Communication of the SIT-Team resource is being done through three routes. Monthly, three-day classes in SIT are taught in the Research Laboratory, and once a year at overseas engineering facilities. SIT graduates are an active source of SIT-Team customers. In addition to SIT classes, weekly SIT User Group meetings are held where corporate problems are brought for analysis and further development of SIT practitioner skills. Sometimes these problems are moved to the SIT Team. The third route is through personal contacts made by SIT-Team members who track and identify problems surfacing around the company.
It was recognized early that SIT was an unusually effective methodology for injecting innovation into problem solving. This led to initiation of an in-house training program. It gradually is becoming evident that dedicated teams can employ it to inject innovation into product flow.

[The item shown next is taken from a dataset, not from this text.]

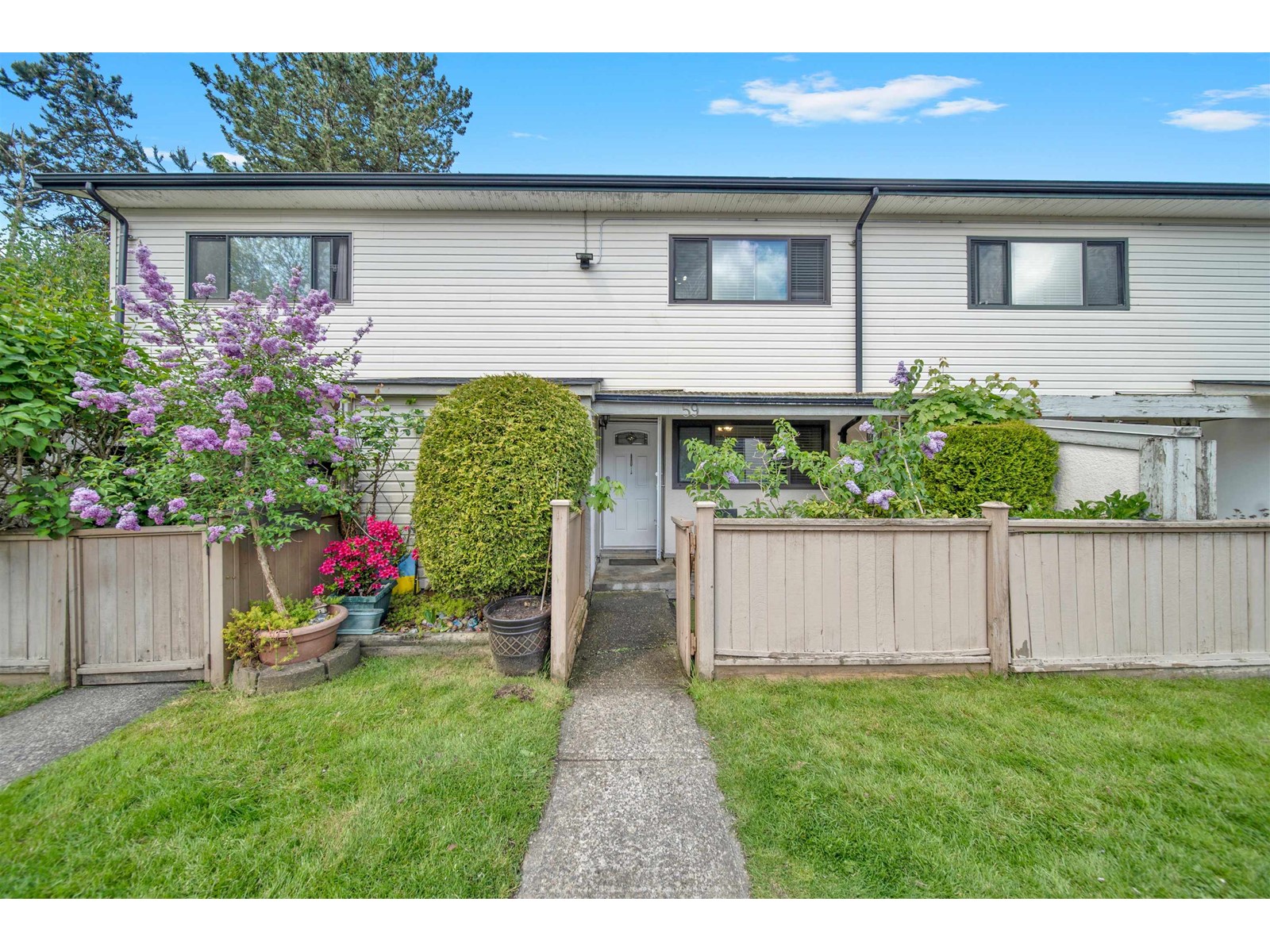 Photo 1 of 59 5211 204 Street, Langley BC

(*) Further reading on structured inventive thinking can be found on the web at http://www.u-sit.net
SIT and USIT:
SIT, as reported here, was derived from the Israeli SIT method and introduced into Ford Motor Company in 1995. At Ford I wrote the first textbook on the methodology and titled it “Unified Structured Inventive Thinking – How to Invent” (USIT). With Ford’s permission the textbook and USIT training courses are marketed outside of Ford Motor Company. USIT differs from SIT (Ford version and the current Israeli version called ASIT) in that USIT has a theoretical basis incorporated into it in which all components and processes are based logically on objects, attributes, and functions. New techniques in USIT include object-minimization to a single point of contact, object-attribute-function statements, plausible-root-causes tool, and transduction as a solution technique. Free USIT e-books and a newsletter are available at www.u-sit.net. Since my retirement from Ford Motor Company in 2000, SIT has been incorporated in the official corporate training program catalog and is being taught by my former colleague, Dr. Craig Stephan.
To Corporate Managers:
If in reading this you are disappointed for lack of specific examples of solved problems, consider the following two points. 1) It has been my experience that companies typically do not want their specific problems discussed outside of their corporate boundaries. Problems brought to on-sight USIT training courses are often very interesting but too proprietary for publication. 2) In addition, there is a very important reason for not using examples in presentations to management (this article) – they can be misinterpreted and generally misleading. Example problems demonstrate solutions to problems but do not evaluate the method used to find the solution. Solution concepts are not unique to a problem-solving methodology. They are unique to the problem they solve and can be found by multiple methodologies. Understand this difference and you will not be misled.